=== THE PROBLEM ===
A verbatim transcript of the data below is required, images omitted.

=== EXERCISE DATA ===
▬▬▬▬▬▬
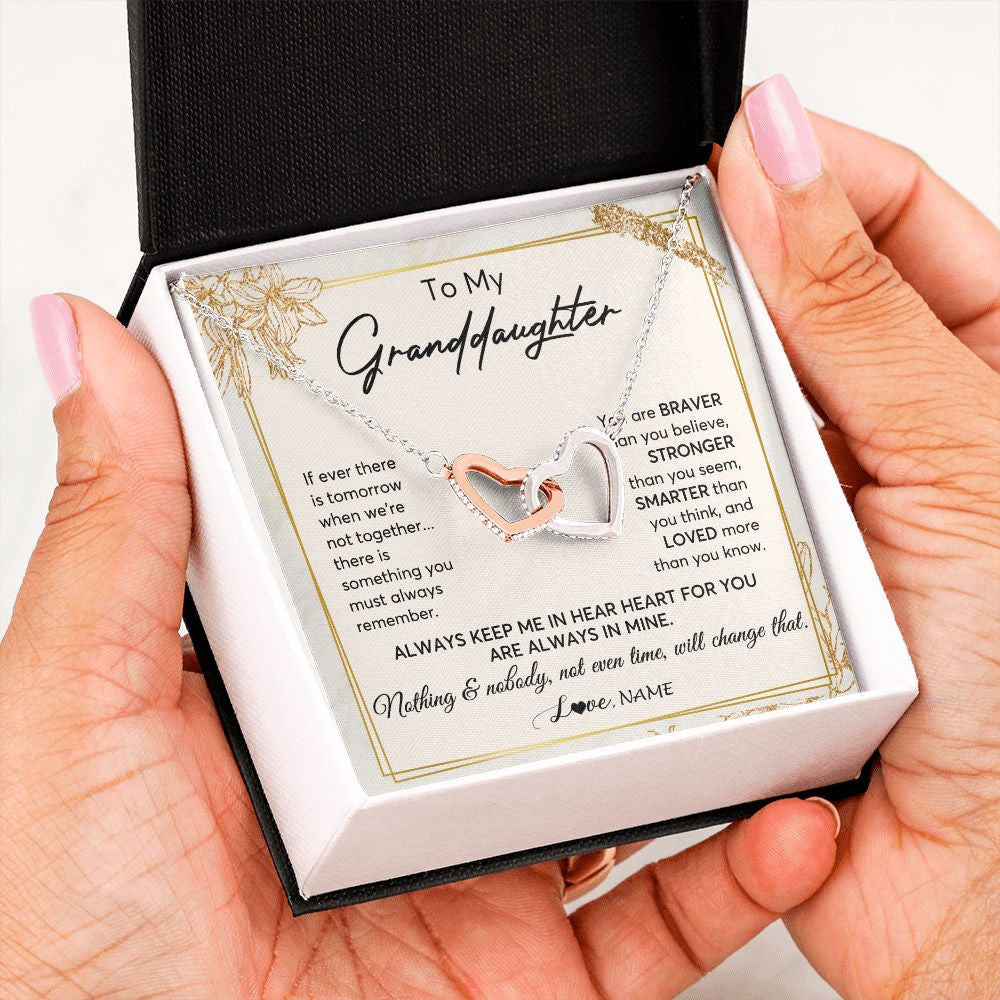 Personalized To My Granddaughter Necklace From Grandma Always Keep Me In Your Heart Granddaughter Birthday Graduation Christmas Customized Gift Box Message Card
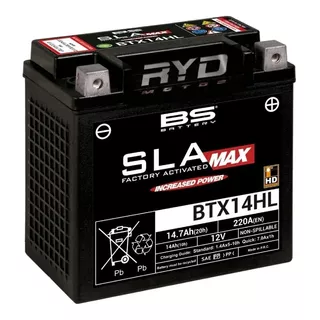 Batería Bs Sla Max Btx14hl Harley 883 Xl Sportster 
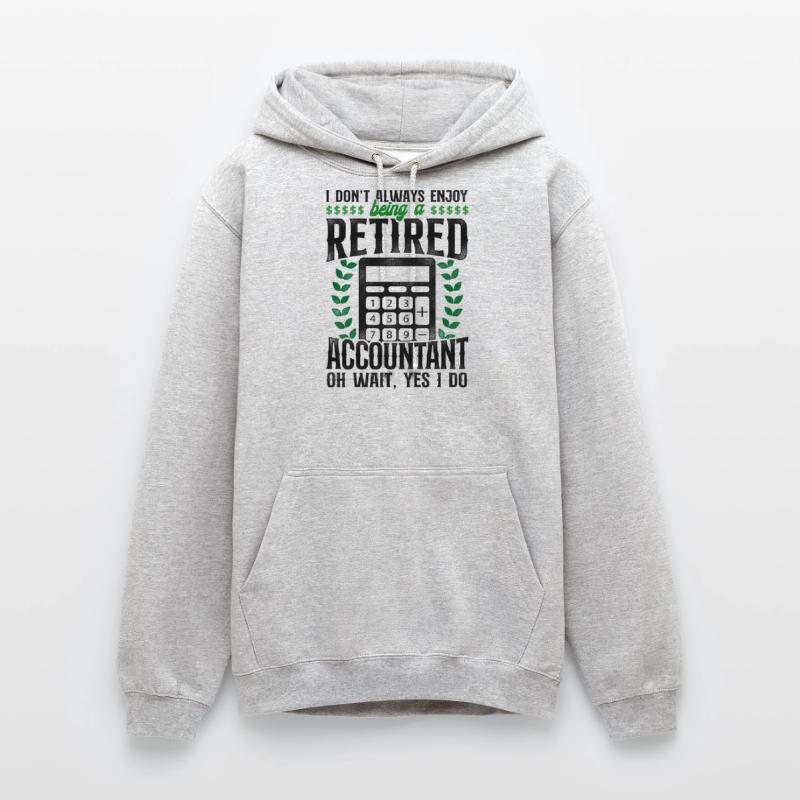 Comptable Comptable Comptable Comptabilité Sweat-shirt à capuche unisexe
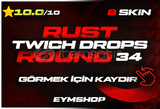 ⚡️ROUND 34 - 8 Skin⚡️ RUST TWİTCH DROP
▬▬▬▬▬▬
=== SOLVED PROBLEM ===
 Personalized To My Granddaughter Necklace From Grandma Always Keep Me In Your Heart Granddaughter Birthday Graduation Christmas Customized Gift Box Message Card
 Batería Bs Sla Max Btx14hl Harley 883 Xl Sportster 
 Comptable Comptable Comptable Comptabilité Sweat-shirt à capuche unisexe
 ⚡️ROUND 34 - 8 Skin⚡️ RUST TWİTCH DROP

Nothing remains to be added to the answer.